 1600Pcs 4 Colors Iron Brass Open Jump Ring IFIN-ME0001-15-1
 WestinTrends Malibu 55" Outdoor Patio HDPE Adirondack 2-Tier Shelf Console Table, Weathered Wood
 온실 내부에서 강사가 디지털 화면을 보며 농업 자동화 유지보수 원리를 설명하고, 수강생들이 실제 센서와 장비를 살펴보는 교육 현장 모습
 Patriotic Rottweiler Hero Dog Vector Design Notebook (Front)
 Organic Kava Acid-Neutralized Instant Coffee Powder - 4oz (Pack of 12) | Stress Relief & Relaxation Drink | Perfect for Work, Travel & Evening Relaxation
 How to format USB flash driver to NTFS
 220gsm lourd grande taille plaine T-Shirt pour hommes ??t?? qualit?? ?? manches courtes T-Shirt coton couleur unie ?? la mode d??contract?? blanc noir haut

> [Task objective]:
Print each line, exactly as written, from the one that contains "Organic Kava Acid-Neutralized" to the end of the data above, with both end lines included and nothing else.

> [Response to this task]:
 Organic Kava Acid-Neutralized Instant Coffee Powder - 4oz (Pack of 12) | Stress Relief & Relaxation Drink | Perfect for Work, Travel & Evening Relaxation
 How to format USB flash driver to NTFS
 220gsm lourd grande taille plaine T-Shirt pour hommes ??t?? qualit?? ?? manches courtes T-Shirt coton couleur unie ?? la mode d??contract?? blanc noir haut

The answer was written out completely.